TASK STATEMENT:
Your copy should match the listing word for word, apart from the pictures, which are left out.

--- COLLECTED DATA ---

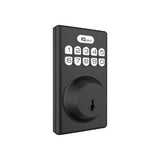 IQ IQDLK-PGOK-MB PowerG Smart Deadbolt w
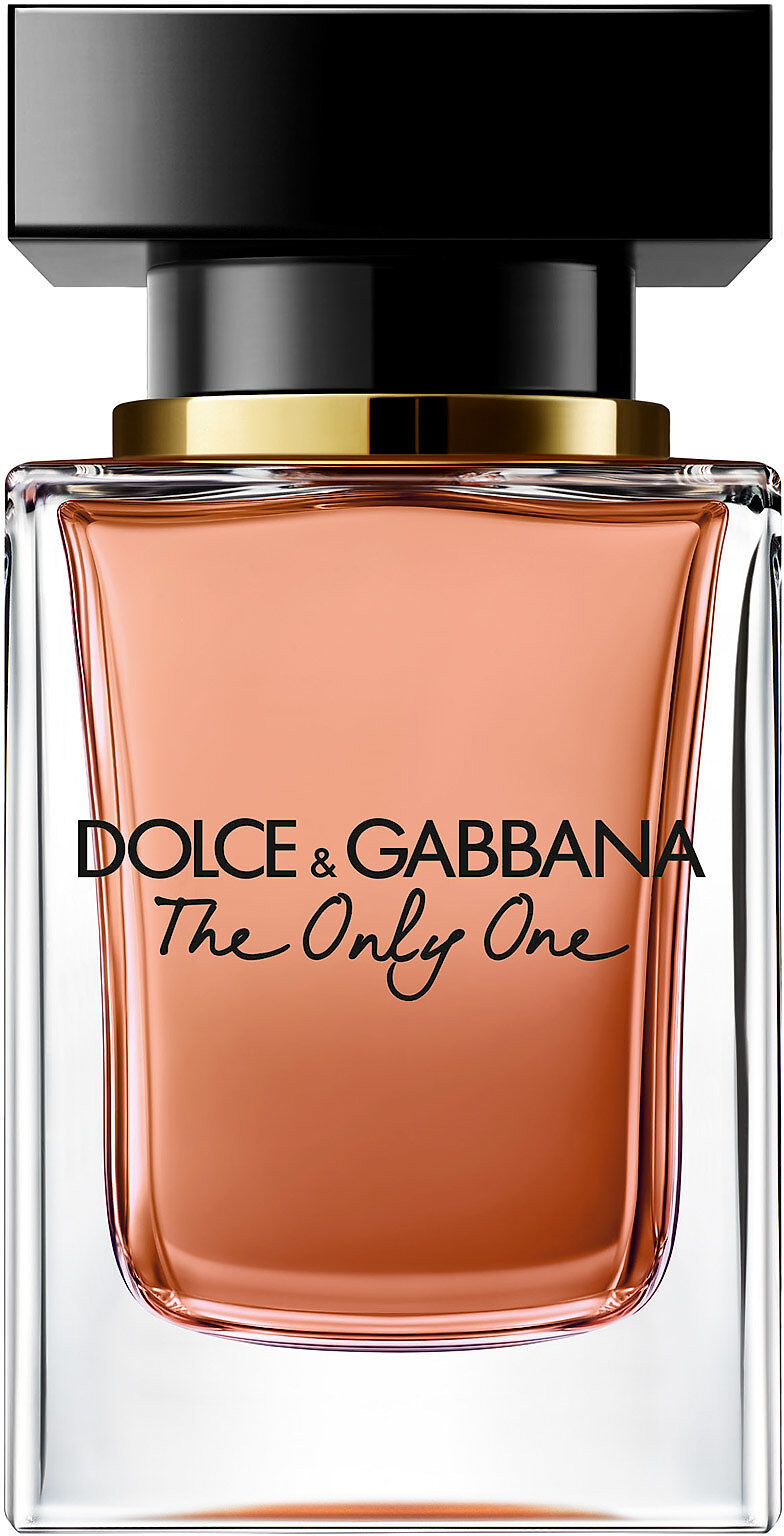 Dolce & Gabbana The Only Eau De Parfume Parfyme Eau De Parfum Nude Dolce & Gabbana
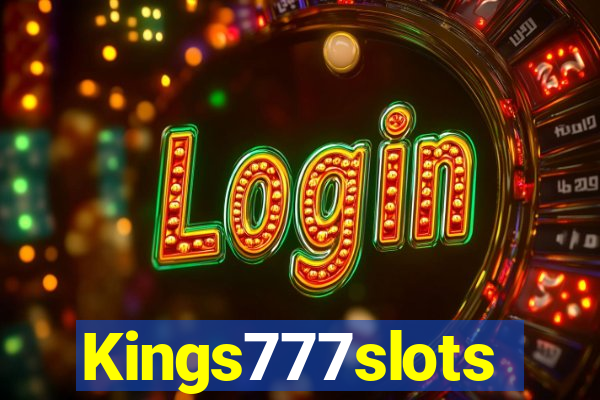 Kings777slots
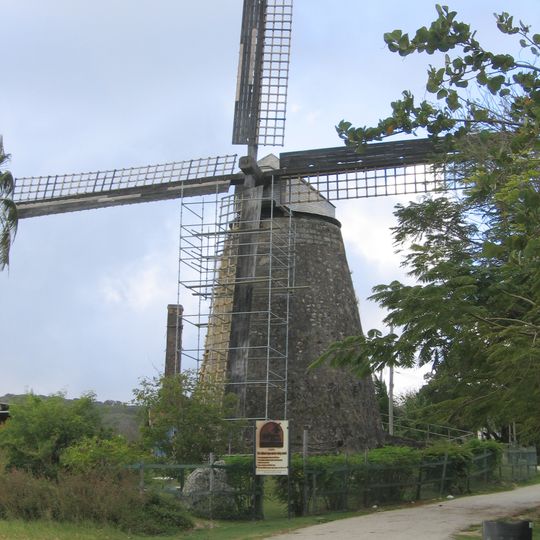 Morgan Lewis Windmill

---

REPLY:
 IQ IQDLK-PGOK-MB PowerG Smart Deadbolt w
 Dolce & Gabbana The Only Eau De Parfume Parfyme Eau De Parfum Nude Dolce & Gabbana
 Kings777slots
 Morgan Lewis Windmill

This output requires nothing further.